• Required work: For this exercise, repeat exactly the lines below starting at the line holding "HUIHUANG Wine Red" and ending at the line holding "Black Torras Woven", both included, with no extra lines and no pictures.

• Given data:
↓

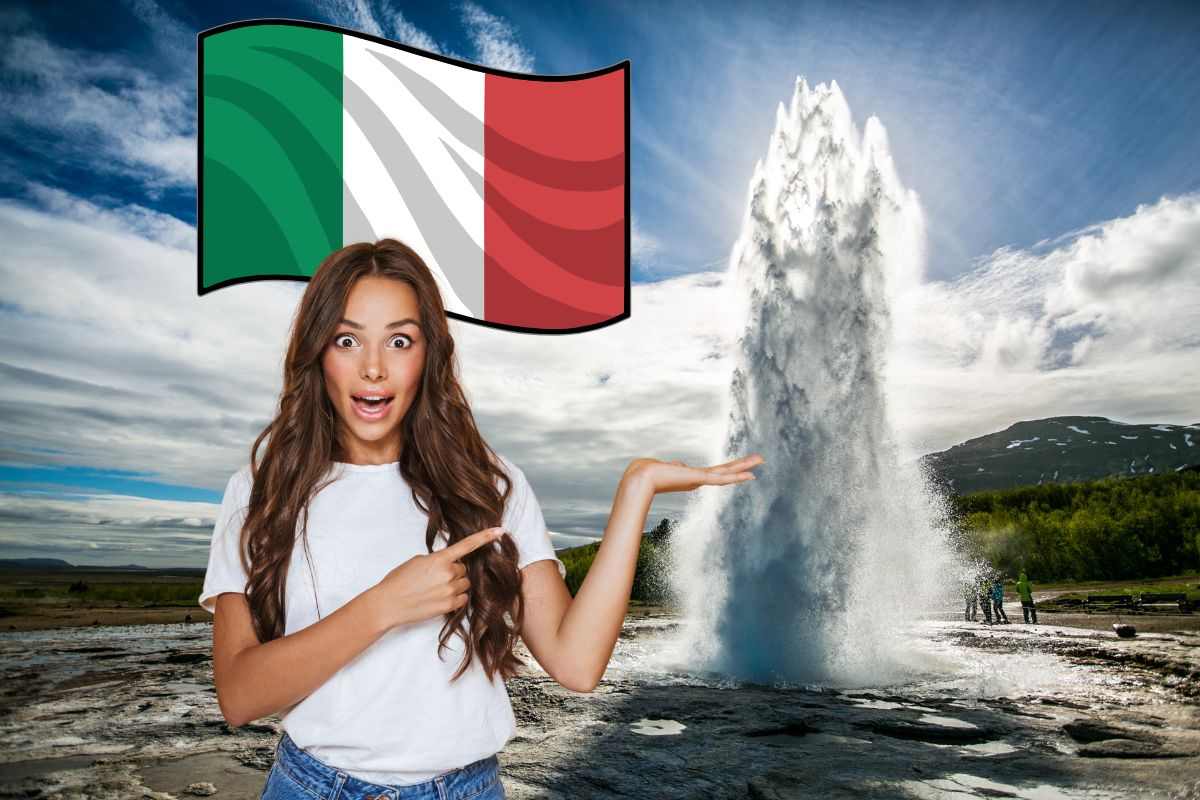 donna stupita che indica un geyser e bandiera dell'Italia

↑
↓

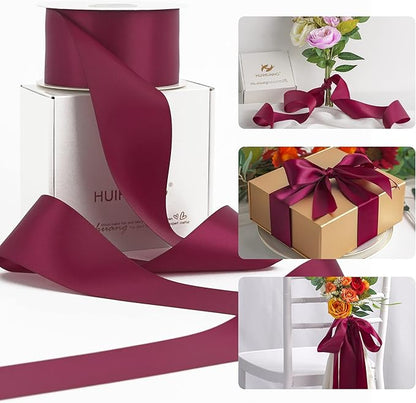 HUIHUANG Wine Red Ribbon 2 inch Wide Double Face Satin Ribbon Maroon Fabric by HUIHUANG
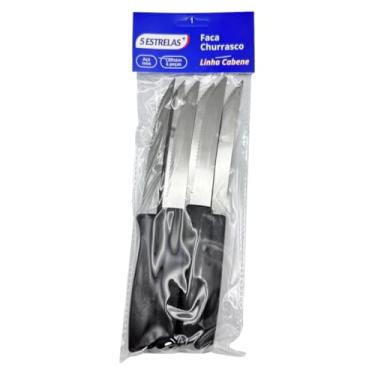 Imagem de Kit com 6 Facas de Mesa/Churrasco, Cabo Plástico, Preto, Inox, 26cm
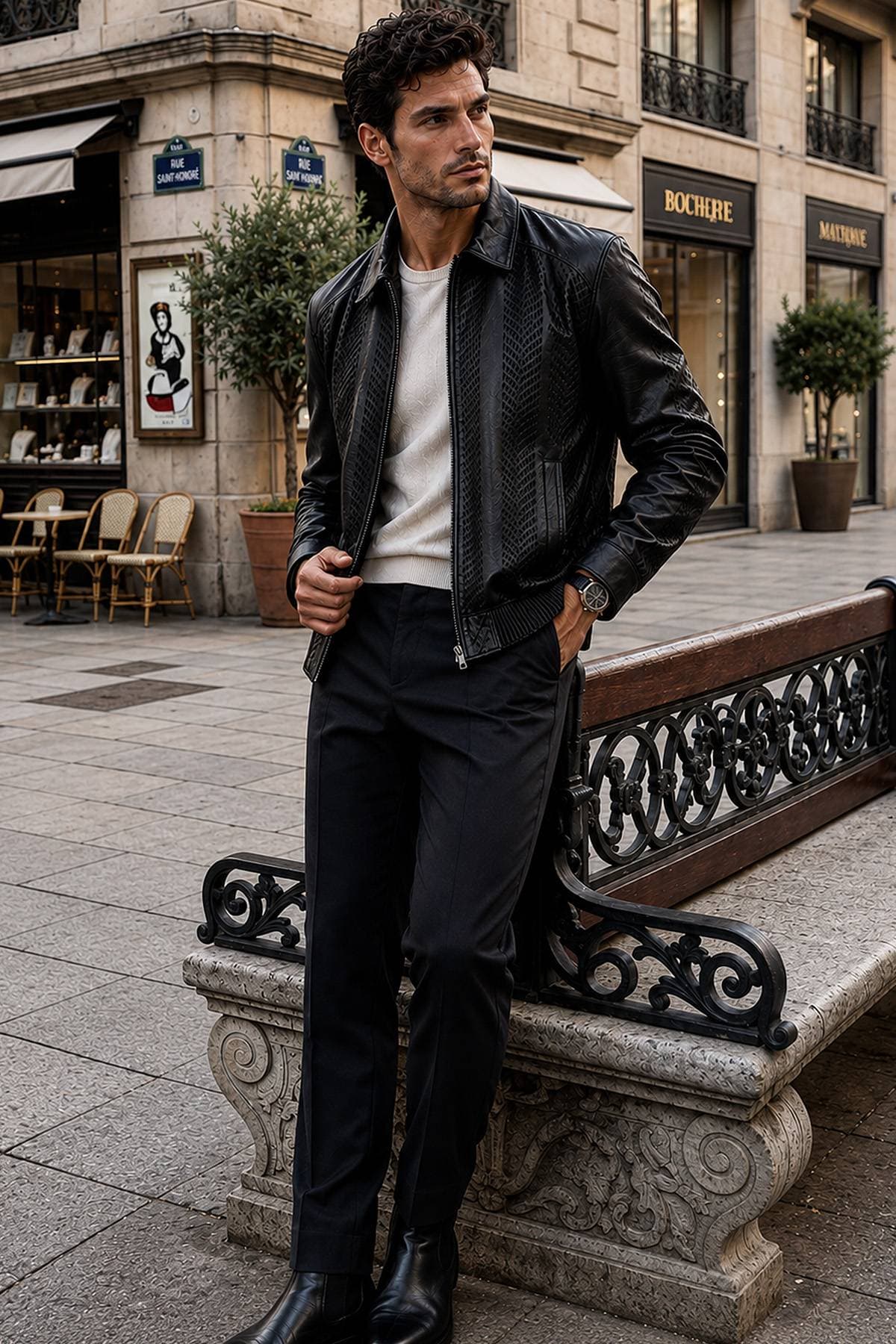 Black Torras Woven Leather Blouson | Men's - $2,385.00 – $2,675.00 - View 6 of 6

↑

• Answer to this task:
 HUIHUANG Wine Red Ribbon 2 inch Wide Double Face Satin Ribbon Maroon Fabric by HUIHUANG
 Imagem de Kit com 6 Facas de Mesa/Churrasco, Cabo Plástico, Preto, Inox, 26cm
 Black Torras Woven Leather Blouson | Men's - $2,385.00 – $2,675.00 - View 6 of 6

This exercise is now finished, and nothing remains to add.